Parts of the Prairies have too much water in the spring and too little in the summer months. Controlled drainage is a way to store water in the field, making it available when needed or removed when needed.
 | File photo

In much of Manitoba, this fall was the season of tractor tire ruts.

From late August until the middle of October, about 200 millimetres of rain and snow fell on southern Manitoba and North Dakota.

The excess precipitation turned farm fields into soup, and growers struggled to get combines and tractors on the land. Some farmers got stuck and many created massive ruts in their fields. But others, with tile drainage, caused less damage.

“The guys that had fields that were tiled, they had ruts, but they weren’t the one foot deep ruts…. They were a few inches (deep),” said Tom Scherer, a drainage and irrigation expert with North Dakota State University.

“And they were able to get their soybeans (harvested).”

Most growers on both sides of the border did get their soybeans, corn, wheat and other crops harvested in 2019, but a large portion of the harvest was delayed until the soil froze in November, when fields were firm enough to support equipment.

A harvest season with 200 mm of rain is a rarity in the northern U.S. Plains and Canadian Prairies, but extreme weather events may be the new normal.

“We have encountered drought and excess moisture in the same farming year,” Bill Campbell, a farmer from Minto, Man, wrote in a letter to Prime Minister Justin Trudeau in November.

“We are looking for federal leadership to ensure that our operations remain sustainable so that we can continue to be an economic driver in this country.”

If droughts or floods cut more deeply into crop production, agriculture will struggle to be an economic driver.

For instance, potato growers in Manitoba and North Dakota took a massive hit because of horribly wet conditions this fall. An estimated $100 million worth of potatoes could not be harvested.

The solution to such losses might be found in three letters: CTD.
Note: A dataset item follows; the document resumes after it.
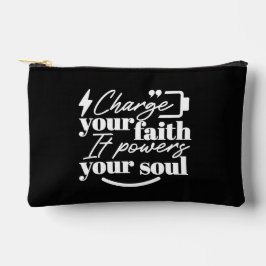 Bolsito Accesorio Pequeño Motivational Christian Quote – Charge Your Faith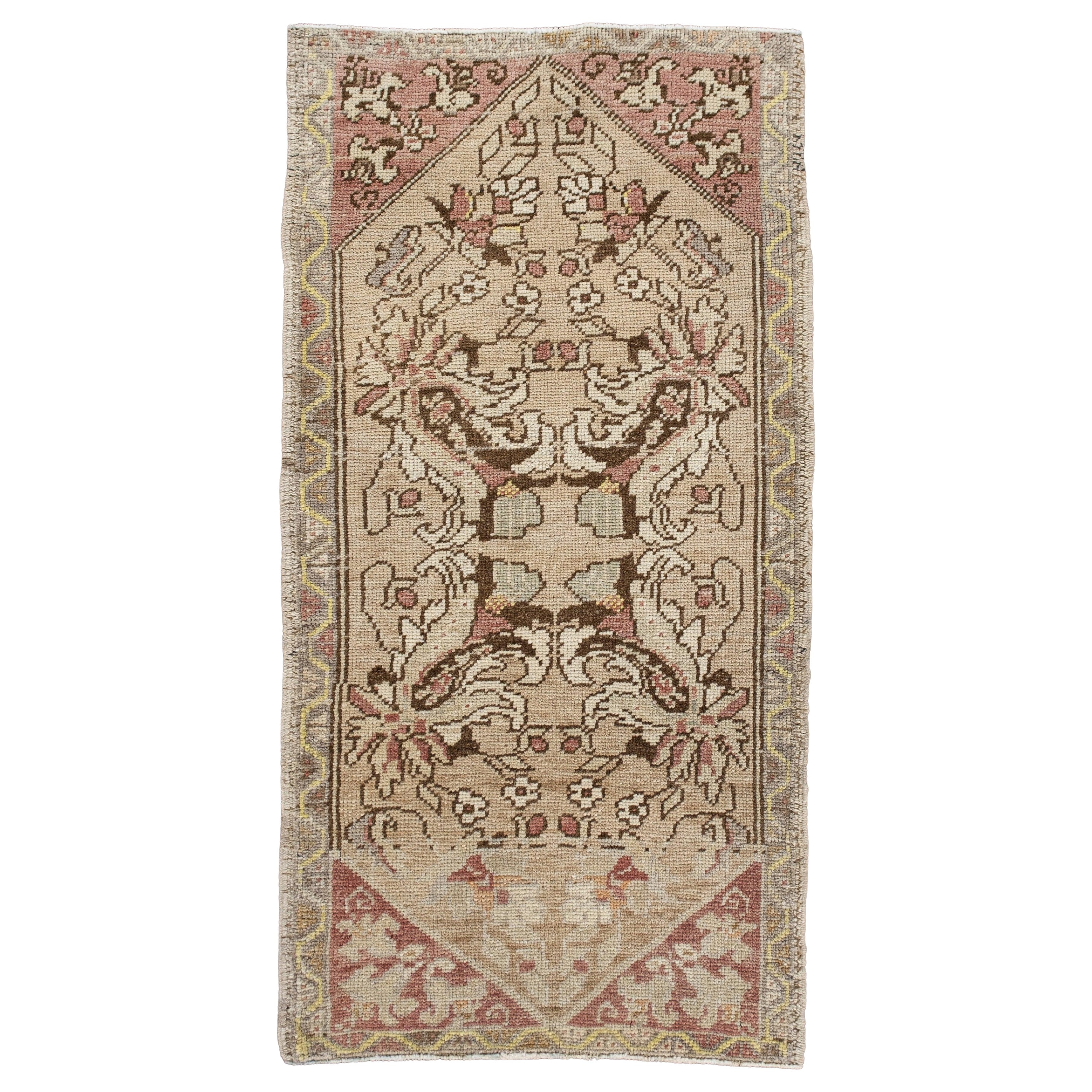 Oriental Hand Knots Rugs Vintage Turkish Mini Rug 1'8" x 3'1" #10288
“Controlled (tile) drainage is the use of one or more flow restricting devices (stop logs, risers, gates, and valves) placed inline with the tile drainage pipes, allowing the water level in the field to be artificially set,” the Prairie Agricultural Machinery Institute wrote in a 2018 paper.
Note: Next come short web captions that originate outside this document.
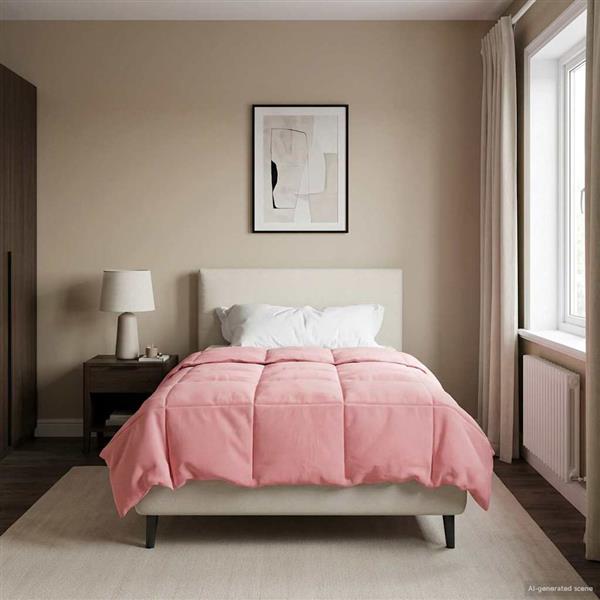 Grote foto vidaxl zomer dekbed gekwilt roze 140 x 200 cm microfiber huis en inrichting bedden
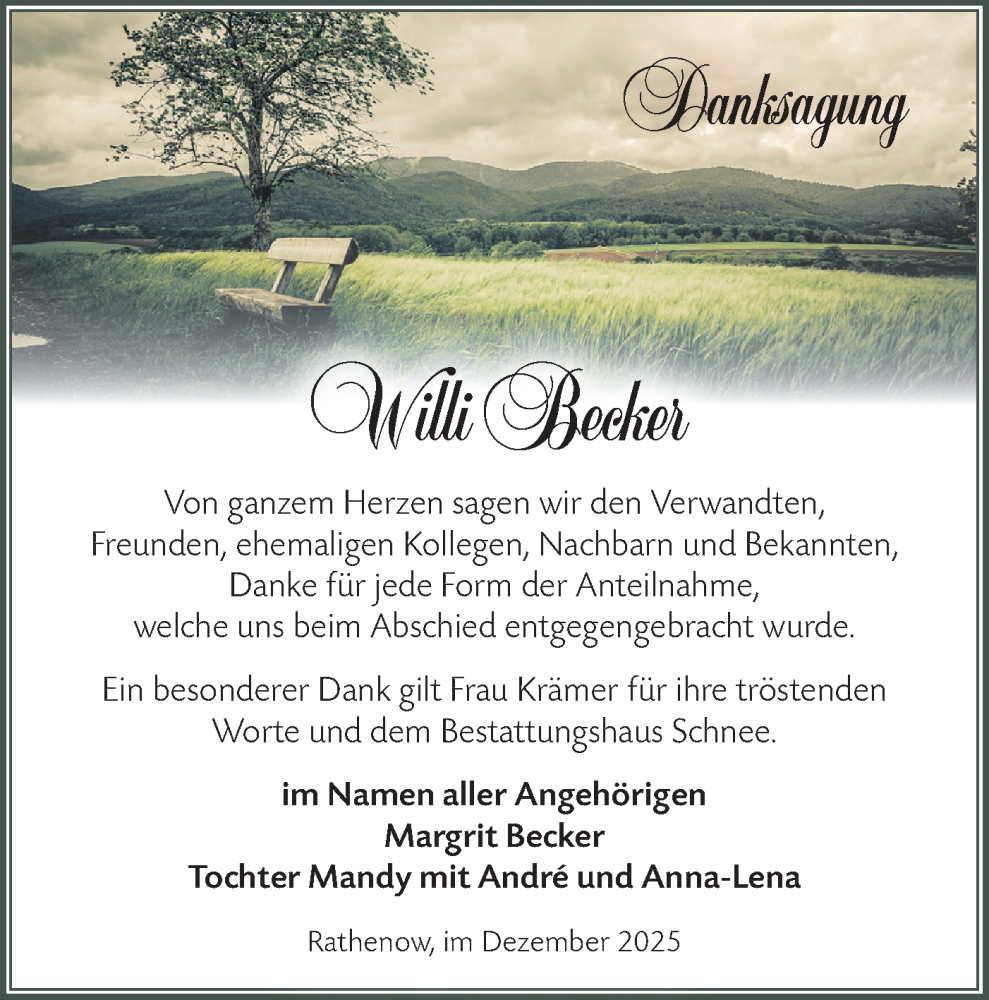  Traueranzeige für Willi Becker vom 13.12.2025 aus Märkische Oderzeitung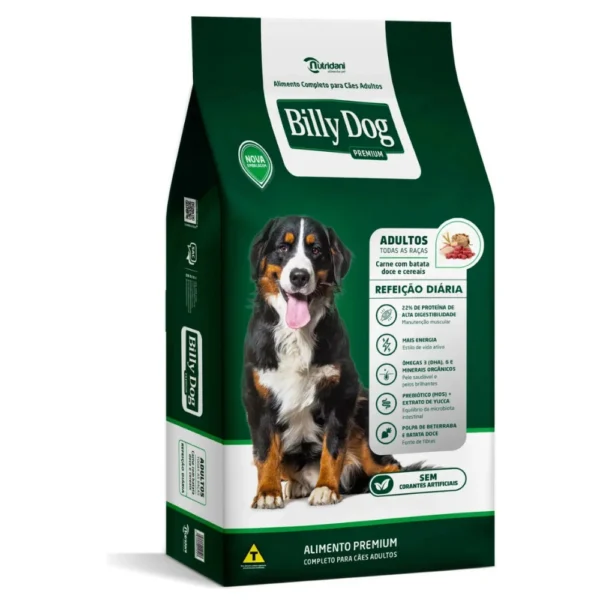 Saco de ração Billy Dog para refeição diária. Falando sobre ração billy dog refeição diária sabor carne com beterraba.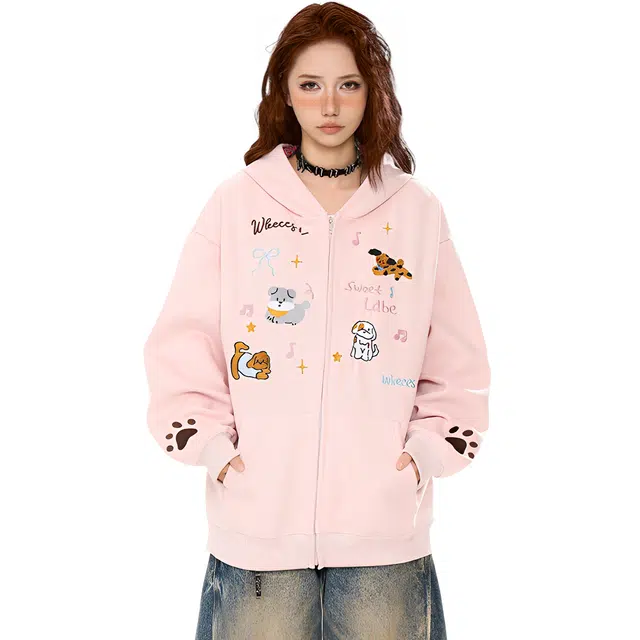 荟萃阁 美式复古可爱百搭刺绣连帽上衣卡通卫衣 女款
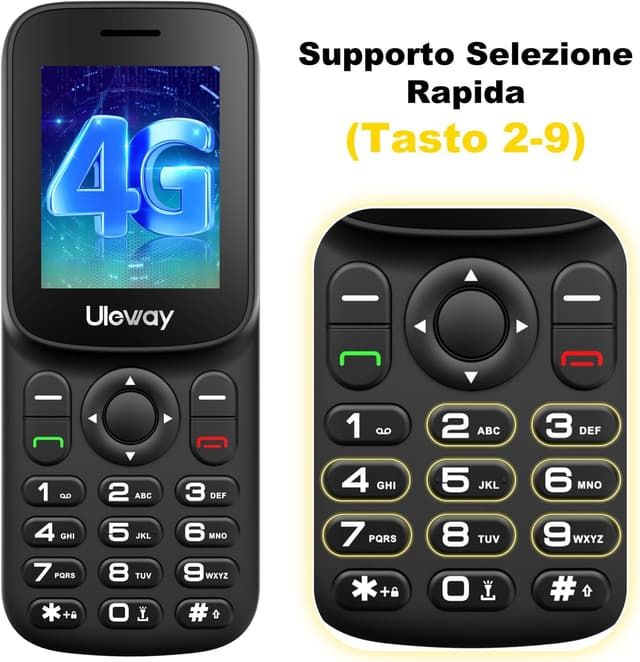 Thumbnail 6 de Uleway 4G telefono cellulare compatto per anziani con doppia SIM, tasti grandi, USB‑C e radio FM (LCD da 1,77")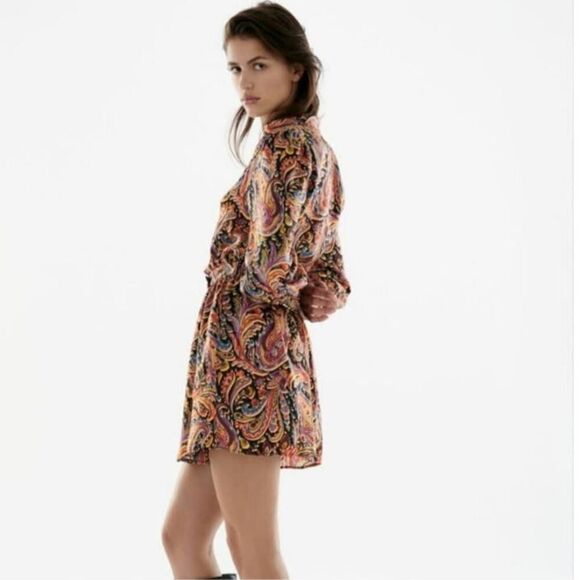 Zara Boho Paisley Mini Dress Long Sleeve Gold Details V Neck Multicolor Size L - Picture 2 of 16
Parts of the Prairies have too much water in the spring and too little in the summer months. Controlled drainage is a way to store water in the field, making it available when needed or removed when needed.

Research from Ontario and the United States suggests CTD increases corn and soybean yields by three to 11 percent.
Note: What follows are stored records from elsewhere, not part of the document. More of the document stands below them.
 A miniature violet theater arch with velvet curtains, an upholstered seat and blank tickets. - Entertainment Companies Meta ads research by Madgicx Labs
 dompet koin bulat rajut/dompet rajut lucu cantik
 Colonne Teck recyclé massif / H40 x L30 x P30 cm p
Such yield gains are dependent on weather, but there’s little doubt that CTD reduces the year-to-year variation in yield.

“As such, CTD should be considered a risk mitigation practice that can help protect producers from crop losses and could potentially stabilize yields over the long term,” said a 2017 research paper from the Ontario Soil and Crop Improvement Association.

The added benefit is it reduces the outflow of nitrogen and phosphorus from agricultural land.

“Improvement in water quality is considered a public benefit attributed to CTD,” said the Ontario paper.

“The public benefits associated with CTD retrofits may justify public investment (in CTD).”

There are financial benefits for producers and environmental benefits for the public, but few Canadian farmers have fields with CTD.

The Manitoba government is trying to change that, at least in a small way.

Under its Ag Action program, CTD qualifies as a beneficial management practice and is eligible for taxpayer support.

If a farmer completes an environmental farm plan, the province will share the cost of installing control structures for a tile drainage system to a maximum of $50,000.

A provincial government official who spoke off the record said the budget of the entire Ag Action program is in the millions of dollars rather than tens of millions or hundreds of millions of dollars.

“It’s missing a couple of zeros.”

In other words, the financial incentive will encourage a few producers to adopt CTD, but not hundreds of producers.

Installing tile drainage costs about $600 to $900 per acre. The additional cost of CTD depends upon the number of control structures per field.

If the federal government was willing to kick in more cash, much more, over the next few decades, it might be possible to have millions of acres with CTD in Western Canada.

In the meantime, producers may have noticed that their neighbour, who has tile-drained land, had more success in 2019.

Tile helped with excess moisture this fall, but it also helps in the spring.

“They could get (on fields) in spring a week or 10 days earlier on the pieces that were tiled,” said Sandi Loewen of K & S Tile in Altona, Man.

“This year that made a big difference with harvest.”

Investing in CTD does require a change in farming philosophy, Loewen said.

For decades, prairie farmers have focused on getting bigger — more acres and more bushels. CTD is about investing in an existing land base.

“It’s a whole new mentality,” she said. “How can we become more efficient with the land that we have and also create that sustainability.”